## [Recorded data]
____

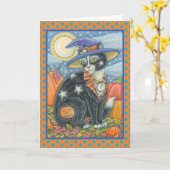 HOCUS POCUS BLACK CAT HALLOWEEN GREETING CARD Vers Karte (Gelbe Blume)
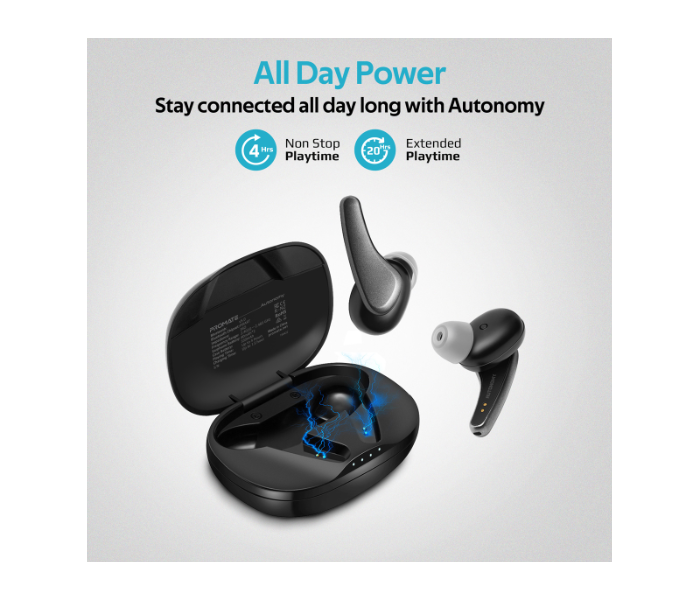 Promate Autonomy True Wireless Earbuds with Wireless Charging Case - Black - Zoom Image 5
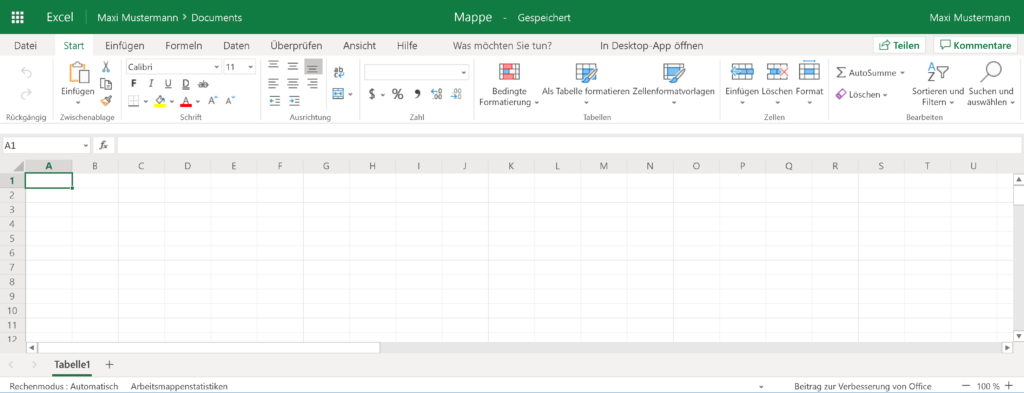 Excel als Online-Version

____

## [Your task]
Pictures aside, give the data again exactly as it appears.

## [Output for this exercise]
 HOCUS POCUS BLACK CAT HALLOWEEN GREETING CARD Vers Karte (Gelbe Blume)
 Promate Autonomy True Wireless Earbuds with Wireless Charging Case - Black - Zoom Image 5
 Excel als Online-Version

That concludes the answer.